## BRIEF
From the first line to the last, reproduce the data exactly.

[Stored records]

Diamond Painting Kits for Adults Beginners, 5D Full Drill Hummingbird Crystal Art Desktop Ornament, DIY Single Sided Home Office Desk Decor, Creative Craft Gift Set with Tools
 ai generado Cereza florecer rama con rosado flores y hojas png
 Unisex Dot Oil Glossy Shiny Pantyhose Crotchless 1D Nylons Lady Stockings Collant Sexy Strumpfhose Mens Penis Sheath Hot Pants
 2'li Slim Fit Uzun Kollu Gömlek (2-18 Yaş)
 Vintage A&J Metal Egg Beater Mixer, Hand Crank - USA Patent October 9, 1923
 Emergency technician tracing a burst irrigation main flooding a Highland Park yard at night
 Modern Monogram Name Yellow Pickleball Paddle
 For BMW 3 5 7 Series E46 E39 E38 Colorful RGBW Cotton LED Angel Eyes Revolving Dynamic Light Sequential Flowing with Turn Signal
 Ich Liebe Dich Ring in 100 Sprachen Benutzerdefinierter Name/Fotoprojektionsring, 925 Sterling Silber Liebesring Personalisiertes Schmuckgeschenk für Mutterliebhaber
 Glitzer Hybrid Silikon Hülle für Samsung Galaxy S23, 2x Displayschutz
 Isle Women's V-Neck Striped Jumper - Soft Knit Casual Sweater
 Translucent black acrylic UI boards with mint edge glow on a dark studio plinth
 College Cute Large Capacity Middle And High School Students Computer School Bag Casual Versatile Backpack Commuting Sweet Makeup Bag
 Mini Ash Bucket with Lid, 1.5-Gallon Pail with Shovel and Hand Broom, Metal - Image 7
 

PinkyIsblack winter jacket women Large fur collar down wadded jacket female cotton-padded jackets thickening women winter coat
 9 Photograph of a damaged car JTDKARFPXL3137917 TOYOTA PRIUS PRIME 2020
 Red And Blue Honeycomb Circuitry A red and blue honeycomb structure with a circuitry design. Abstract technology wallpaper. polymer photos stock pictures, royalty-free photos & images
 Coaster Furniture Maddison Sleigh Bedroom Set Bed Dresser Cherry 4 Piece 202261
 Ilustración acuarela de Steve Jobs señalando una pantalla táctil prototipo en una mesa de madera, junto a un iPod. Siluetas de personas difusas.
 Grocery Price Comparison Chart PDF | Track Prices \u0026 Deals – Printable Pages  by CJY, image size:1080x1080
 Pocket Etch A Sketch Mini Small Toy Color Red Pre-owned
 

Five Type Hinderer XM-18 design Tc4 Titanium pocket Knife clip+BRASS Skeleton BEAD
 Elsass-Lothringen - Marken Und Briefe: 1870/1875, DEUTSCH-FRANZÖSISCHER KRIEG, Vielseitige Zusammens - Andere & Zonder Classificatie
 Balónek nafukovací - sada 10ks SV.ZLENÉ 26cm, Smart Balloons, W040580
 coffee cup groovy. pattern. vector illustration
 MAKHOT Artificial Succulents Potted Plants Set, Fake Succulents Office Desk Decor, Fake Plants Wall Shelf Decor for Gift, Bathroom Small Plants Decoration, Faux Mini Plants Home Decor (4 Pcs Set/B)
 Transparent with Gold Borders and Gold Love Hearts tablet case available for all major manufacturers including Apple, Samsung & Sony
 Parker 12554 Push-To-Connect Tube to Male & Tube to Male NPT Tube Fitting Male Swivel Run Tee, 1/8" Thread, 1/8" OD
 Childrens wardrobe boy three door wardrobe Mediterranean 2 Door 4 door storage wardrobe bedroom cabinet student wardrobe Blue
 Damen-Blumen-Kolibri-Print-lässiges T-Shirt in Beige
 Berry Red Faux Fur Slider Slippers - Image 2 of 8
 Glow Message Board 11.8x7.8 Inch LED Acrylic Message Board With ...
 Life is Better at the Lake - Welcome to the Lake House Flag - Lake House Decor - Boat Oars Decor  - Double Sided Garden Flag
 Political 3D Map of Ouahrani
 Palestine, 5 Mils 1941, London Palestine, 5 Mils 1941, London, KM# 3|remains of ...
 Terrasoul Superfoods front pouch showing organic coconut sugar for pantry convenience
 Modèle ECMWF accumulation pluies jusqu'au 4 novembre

## OUTPUT OF THE EXERCISE
Diamond Painting Kits for Adults Beginners, 5D Full Drill Hummingbird Crystal Art Desktop Ornament, DIY Single Sided Home Office Desk Decor, Creative Craft Gift Set with Tools
 ai generado Cereza florecer rama con rosado flores y hojas png
 Unisex Dot Oil Glossy Shiny Pantyhose Crotchless 1D Nylons Lady Stockings Collant Sexy Strumpfhose Mens Penis Sheath Hot Pants
 2'li Slim Fit Uzun Kollu Gömlek (2-18 Yaş)
 Vintage A&J Metal Egg Beater Mixer, Hand Crank - USA Patent October 9, 1923
 Emergency technician tracing a burst irrigation main flooding a Highland Park yard at night
 Modern Monogram Name Yellow Pickleball Paddle
 For BMW 3 5 7 Series E46 E39 E38 Colorful RGBW Cotton LED Angel Eyes Revolving Dynamic Light Sequential Flowing with Turn Signal
 Ich Liebe Dich Ring in 100 Sprachen Benutzerdefinierter Name/Fotoprojektionsring, 925 Sterling Silber Liebesring Personalisiertes Schmuckgeschenk für Mutterliebhaber
 Glitzer Hybrid Silikon Hülle für Samsung Galaxy S23, 2x Displayschutz
 Isle Women's V-Neck Striped Jumper - Soft Knit Casual Sweater
 Translucent black acrylic UI boards with mint edge glow on a dark studio plinth
 College Cute Large Capacity Middle And High School Students Computer School Bag Casual Versatile Backpack Commuting Sweet Makeup Bag
 Mini Ash Bucket with Lid, 1.5-Gallon Pail with Shovel and Hand Broom, Metal - Image 7
 

PinkyIsblack winter jacket women Large fur collar down wadded jacket female cotton-padded jackets thickening women winter coat
 9 Photograph of a damaged car JTDKARFPXL3137917 TOYOTA PRIUS PRIME 2020
 Red And Blue Honeycomb Circuitry A red and blue honeycomb structure with a circuitry design. Abstract technology wallpaper. polymer photos stock pictures, royalty-free photos & images
 Coaster Furniture Maddison Sleigh Bedroom Set Bed Dresser Cherry 4 Piece 202261
 Ilustración acuarela de Steve Jobs señalando una pantalla táctil prototipo en una mesa de madera, junto a un iPod. Siluetas de personas difusas.
 Grocery Price Comparison Chart PDF | Track Prices \u0026 Deals – Printable Pages  by CJY, image size:1080x1080
 Pocket Etch A Sketch Mini Small Toy Color Red Pre-owned
 

Five Type Hinderer XM-18 design Tc4 Titanium pocket Knife clip+BRASS Skeleton BEAD
 Elsass-Lothringen - Marken Und Briefe: 1870/1875, DEUTSCH-FRANZÖSISCHER KRIEG, Vielseitige Zusammens - Andere & Zonder Classificatie
 Balónek nafukovací - sada 10ks SV.ZLENÉ 26cm, Smart Balloons, W040580
 coffee cup groovy. pattern. vector illustration
 MAKHOT Artificial Succulents Potted Plants Set, Fake Succulents Office Desk Decor, Fake Plants Wall Shelf Decor for Gift, Bathroom Small Plants Decoration, Faux Mini Plants Home Decor (4 Pcs Set/B)
 Transparent with Gold Borders and Gold Love Hearts tablet case available for all major manufacturers including Apple, Samsung & Sony
 Parker 12554 Push-To-Connect Tube to Male & Tube to Male NPT Tube Fitting Male Swivel Run Tee, 1/8" Thread, 1/8" OD
 Childrens wardrobe boy three door wardrobe Mediterranean 2 Door 4 door storage wardrobe bedroom cabinet student wardrobe Blue
 Damen-Blumen-Kolibri-Print-lässiges T-Shirt in Beige
 Berry Red Faux Fur Slider Slippers - Image 2 of 8
 Glow Message Board 11.8x7.8 Inch LED Acrylic Message Board With ...
 Life is Better at the Lake - Welcome to the Lake House Flag - Lake House Decor - Boat Oars Decor  - Double Sided Garden Flag
 Political 3D Map of Ouahrani
 Palestine, 5 Mils 1941, London Palestine, 5 Mils 1941, London, KM# 3|remains of ...
 Terrasoul Superfoods front pouch showing organic coconut sugar for pantry convenience
 Modèle ECMWF accumulation pluies jusqu'au 4 novembre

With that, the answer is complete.